Securing an Analytics index

If you want to apply item-level or workspace-level security to an Analytics index, you must secure both the Analytics Index object and the Search Index object for that particular index.

Restricting a group from viewing an Analytics Index does not restrict them from searching on the index unless access to the corresponding Search Index is also restricted.

If you are applying item-level security from the Search Indexes tab, you may need to create a new view and add the security field to the view.

Data source and training data source considerations

Training data source considerations

A training data source is a set of documents that the system uses to learn the language, the correlation between terms, and the conceptual value of documents. This data source formulates the mapping scheme of all documents into the concept space. Because the system uses this data source to learn, include only the highest quality documents when creating the training data source. The system needs authored content with conceptually relevant text to learn the language and concepts.
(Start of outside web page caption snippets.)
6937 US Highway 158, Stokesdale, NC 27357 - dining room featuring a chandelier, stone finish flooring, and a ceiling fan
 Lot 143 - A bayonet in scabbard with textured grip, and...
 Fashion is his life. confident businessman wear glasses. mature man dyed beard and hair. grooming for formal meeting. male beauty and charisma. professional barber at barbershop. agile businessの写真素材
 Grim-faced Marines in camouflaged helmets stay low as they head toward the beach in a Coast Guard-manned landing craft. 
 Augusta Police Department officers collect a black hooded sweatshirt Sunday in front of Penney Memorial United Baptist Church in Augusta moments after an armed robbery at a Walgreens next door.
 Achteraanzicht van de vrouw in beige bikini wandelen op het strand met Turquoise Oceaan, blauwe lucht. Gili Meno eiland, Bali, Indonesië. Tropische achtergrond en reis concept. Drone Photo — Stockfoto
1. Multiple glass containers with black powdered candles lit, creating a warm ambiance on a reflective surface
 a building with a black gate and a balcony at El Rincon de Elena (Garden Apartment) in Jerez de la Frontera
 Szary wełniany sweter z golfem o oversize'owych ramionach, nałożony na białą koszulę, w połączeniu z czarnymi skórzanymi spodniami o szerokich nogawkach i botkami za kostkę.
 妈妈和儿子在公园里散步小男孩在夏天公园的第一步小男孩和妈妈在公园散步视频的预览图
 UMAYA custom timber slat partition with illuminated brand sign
Use the following settings when creating a saved search to use as a training data source:

Only the authored content of the document should be indexed. Typically, the Extracted Text field is the only field returned as a column in a data source. If there is authored content in another long text field, such as OCR Text, Translation, or others, then this field should be included as well. You should never train on any sort of metadata fields like Custodian or Email Author or system fields like Control Number. Including these fields skews your results when trying to find conceptually related documents.
Do not index single choice, multiple choice, multiple object, or any number fields, such as Extracted Text Size.
Documents that do not contain authored content or conceptual data are useless for training the Analytics index. The following types of documents should be excluded from the training data source:
- Compressed files, like ZIP or RAR files
- System files
- Excel files with mostly numbers
- Image files
- CAD drawings
- Maps
- Calendar items
- Documents with OCR errors, such as OCR not processed
- Documents with poor quality OCR, such as OCR on handwritten documents.
- Documents with little or no text, less than 0.2 KB
During population, words beginning with a number are not included in the index. For example, 4ward. Words ending in a number, mp3, or with numbers embedded, passw0rd, are indexed as written.

Optimize training set

When you select the Optimize training set feature on an Analytics index, you improve the quality of that index by excluding documents that could result in inaccurate term correlations due to their low conceptual value, such as:

Very short documents
Very long documents
Lists containing a significant amount of numbers
Spreadsheet-like documents
System log files
Text resulting from processing errors

To perform this automatic removal of bad documents from the training data source, the Analytics engine evaluates documents based on:

Word count
Uniqueness
Number count
Punctuation marks
Words with many characters, 50 or more

If the optimization excludes a document, the following results are possible:

If the document is designated to be populated as both a training and searchable document, Relativity populates it as a searchable document only. The document could be returned in a concept search, assuming it meets the minimum rank.
If the document is designated to be populated only as a training document, Relativity does not populate it into the index at all.
If the document is designated to be populated as a searchable document only, the Analytics engine doesn't examine it.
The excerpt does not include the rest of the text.